Die Zentrale Prüfstelle Prävention nimmt die Kursangebote im Auftrag der Krankenkassen in den Blick. So werden in dem Anerkennungsverfahren die Qualifikationen der Kursleiter und die Trainingsprogramme mit einem Stundenverlaufsplan geprüft. Mit der Anerkennung ist die Eintragung in die Präventionskurs-Datenbank der Prüfstelle verbunden. „Ich freue mich vor allem sehr für unsere beiden Physiotherapeutinnen. Die Anerkennung ist eine tolle Bestätigung für ihr Engagement“, lobte Prof. Dr. Martin Engelhardt, Chefarzt der Klinik für Orthopädie, Unfall- und Handchirurgie und Ärztlicher Direktor des Klinikums Osnabrück.
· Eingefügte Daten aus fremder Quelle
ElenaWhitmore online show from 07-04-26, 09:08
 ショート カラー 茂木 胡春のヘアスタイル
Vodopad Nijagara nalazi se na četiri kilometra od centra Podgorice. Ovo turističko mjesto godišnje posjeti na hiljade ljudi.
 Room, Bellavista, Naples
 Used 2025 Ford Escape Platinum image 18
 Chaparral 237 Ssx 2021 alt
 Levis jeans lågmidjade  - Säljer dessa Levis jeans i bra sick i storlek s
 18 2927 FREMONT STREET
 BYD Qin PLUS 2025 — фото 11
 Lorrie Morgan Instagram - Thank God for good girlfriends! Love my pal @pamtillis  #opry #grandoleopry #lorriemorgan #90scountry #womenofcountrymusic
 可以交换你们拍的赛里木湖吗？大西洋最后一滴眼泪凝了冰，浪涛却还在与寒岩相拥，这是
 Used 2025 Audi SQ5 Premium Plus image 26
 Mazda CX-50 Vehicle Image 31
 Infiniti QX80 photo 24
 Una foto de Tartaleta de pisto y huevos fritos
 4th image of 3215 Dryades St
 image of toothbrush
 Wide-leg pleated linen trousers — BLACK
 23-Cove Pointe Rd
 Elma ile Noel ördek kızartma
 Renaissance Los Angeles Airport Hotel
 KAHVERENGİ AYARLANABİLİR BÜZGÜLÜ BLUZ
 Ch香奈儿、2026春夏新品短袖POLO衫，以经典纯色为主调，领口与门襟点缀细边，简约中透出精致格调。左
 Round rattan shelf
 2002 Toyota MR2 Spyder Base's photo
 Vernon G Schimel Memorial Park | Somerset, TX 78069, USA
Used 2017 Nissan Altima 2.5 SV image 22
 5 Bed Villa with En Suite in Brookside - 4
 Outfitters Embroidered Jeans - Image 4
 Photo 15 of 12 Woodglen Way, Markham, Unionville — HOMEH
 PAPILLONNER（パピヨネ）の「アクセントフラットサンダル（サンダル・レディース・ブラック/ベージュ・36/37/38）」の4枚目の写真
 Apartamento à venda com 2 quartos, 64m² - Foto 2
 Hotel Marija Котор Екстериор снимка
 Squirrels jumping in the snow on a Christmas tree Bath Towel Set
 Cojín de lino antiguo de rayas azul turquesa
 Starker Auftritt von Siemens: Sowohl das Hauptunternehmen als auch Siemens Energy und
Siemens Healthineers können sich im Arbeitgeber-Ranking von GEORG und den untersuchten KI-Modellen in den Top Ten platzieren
Zehn Trainingseinheiten pro Woche

Die Präventionskurse, die als Angebot seiner Abteilung laufen und von Engelhardt angeregt und mit erarbeitet wurden, umfassen jeweils zehn Trainingseinheiten, die einmal pro Woche stattfinden. Die Kurse zielen auf eine Verbesserung der Hüftgelenksfunktionen, die Kräftigung der hüft- und beckenstabilisierenden Muskulatur, Körperhaltung und richtiges Gehen sowie das Erarbeiten von individuellen Übungsprogrammen, mit denen zuhause weiter trainiert werden kann. „Wir machen beispielsweise Übungen mit Bällen, Stäben und Pads, wobei es beispielsweise um das Vorbeugen von Stürzen oder das Gleichgewicht geht. Dabei gibt es sozusagen als Hausaufgabe jede Woche neue Übungen, die sich leicht auch allein machen lassen“, so Petra Altekruse, eine der beiden Leiterinnen.

Engelhardt wies darauf hin, dass die beiden Physiotherapeutinnen die Kurse aus reiner Eigeninitiative aufgebaut haben. „Sie machen das rein freiwillig und verdienen damit auch kein zusätzliches Geld. Dass sich unsere Mitarbeiter so für die Patienten engagieren, finde ich wirklich toll“, meinte er.

Nach Meinung von Engelhardt ist Präventionssport „absolut sinnvoll“, um Verschleißerkrankungen an der Hüfte und anderen Gelenken vorzubeugen.In der Altersgruppe der 60-70-Jährige zeige jeder Zweite Arthrosezeichen an den Hüftgelenken. „In Deutschland fallen nach den jüngsten Zahlen, die mir bekannt sind, jährlich Gesundheitskosten von etwa 350 Milliarden Euro für medizinische Reparatureingriffe an, aber es werden nur 180 Millionen Euro für Prävention ausgegeben. Das ist ein krasses Missverhältnis zu Lasten der Gesellschaft und der Betroffenen“, so Engelhardt.

Von Ärzten begleitet

Die beiden Physiotherapeutinnen Petra Moormann-Lorek und Petra Altekruse haben Fortbildungen absolviert, um als Übungsleiterinnen arbeiten zu können. Die Kurse werden von ihnen geleitet und jeweils von Ärzten des Klinikums Osnabrück medizinisch begleitet. Zurzeit gibt es zwei Kursgruppen mit jeweils zehn bis zwölf Teilnehmern, die sich immer donnerstags in einem Raum auf dem Finkenhügel treffen. Es sind Männer und Frauen im Alter zwischen 60 und 70 Jahren dabei, aber es können auch jüngere oder ältere Teilnehmer kommen. „Wir haben einige Teilnehmer, die bereits seit 2011 fortlaufend in die Kurse kommen“, berichtete Altekruse.

Die Kurse sind auch als Rehabilitationssport nach einer Hüft-OP geeignet. Ein Einstieg ist grundsätzlich immer möglich, besser aber ist es, zum Beginn neuer Kurszyklen anzufangen, da die Übungen aufeinander aufbauen. Die Kurstermine dauern jeweils 60 Minuten und es fallen Kosten von 85 Euro für zehn Trainingseinheiten (inklusive Übungsbuch) an. Der Höhe der Kostenerstattung hängt von den Regelungen der jeweiligen Krankenkassen ab.